This article first appeared in The Edge Malaysia Weekly on November 7, 2022 - November 13, 2022
It has been a decade since the 2012 discovery of financial irregularities at Silver Bird Group Bhd that revealed a RM112 million hole in its finances, which later turned out to be more than twice that size at RM297 million. The problems arose from several doubtful payments for property refurbishment and machinery upgrades, as well as unverifiable sales.
The bread maker fell into Practice Note 17 status that same year, while its founder and then group managing director Datuk Jackson Tan Han Kook, together with the group executive director at the time, Derec Ching Siew Cheong, were suspended and subsequently terminated.
The group — which then counted Lembaga Tabung Haji, Berjaya Corp Bhd and Koperasi Permodalan Felda Malaysia Bhd among its substantial shareholders — went on to file a RM125 million lawsuit against the duo for criminal breach of trust (CBT) and for conspiring with eight others to defraud the company.
Tan and Ching were also jointly charged in 2012 and claimed trial to 134 charges of cheating Malayan Banking Bhd by using forged invoices to apply for banker’s acceptance facilities for three companies.
A year later, the two were also charged by the Securities Commission Malaysia for furnishing false information relating to Silver Bird’s revenue to Bursa Malaysia Securities in 2010 and 2011. Tan was slapped with seven counts of the offence, while Ching was hit with eight.
While both were acquitted in 2020 of all the 134 charges of cheating Maybank, they pleaded guilty to one charge each of furnishing false information to Bursa.

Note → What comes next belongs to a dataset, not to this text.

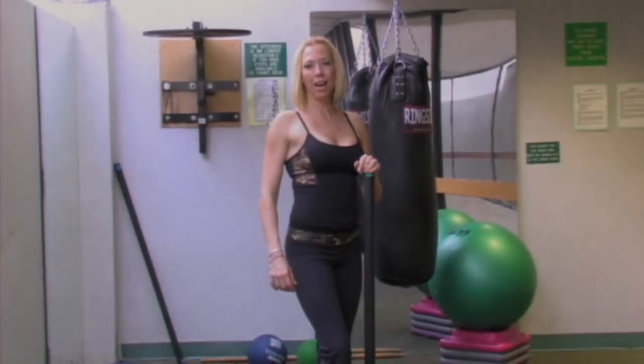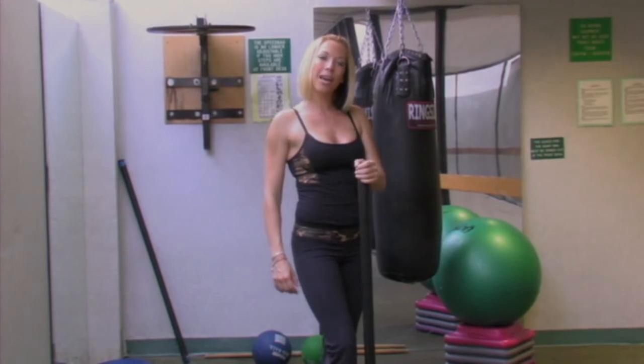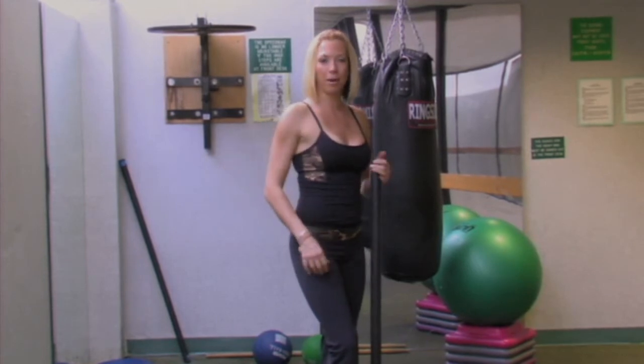Hi everyone, I'm Becky and welcome to my exercise demonstration. Today I'm going to show you how to do a bent over row with a body bar. This is a great exercise for your back muscles.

Last Thursday, after nine long years since they were charged for the offence, the duo were finally sentenced: to one day in jail and a fine of RM500,000 each, in lieu of 50 more months of imprisonment.
In that time, the company that was once known for its “High 5’” brand bread loaf and “Silverbird” cakes was delisted in October 2014, with accumulated losses of RM462.29 million. It ceased operations in June 2016, following a court order to vacate its premises.
The latest court decision marks the close of another chapter for the bread maker. But have Silver Bird’s minorities, whose investments in the company went up in flames, got the justice they deserve? One doubts if they would think so.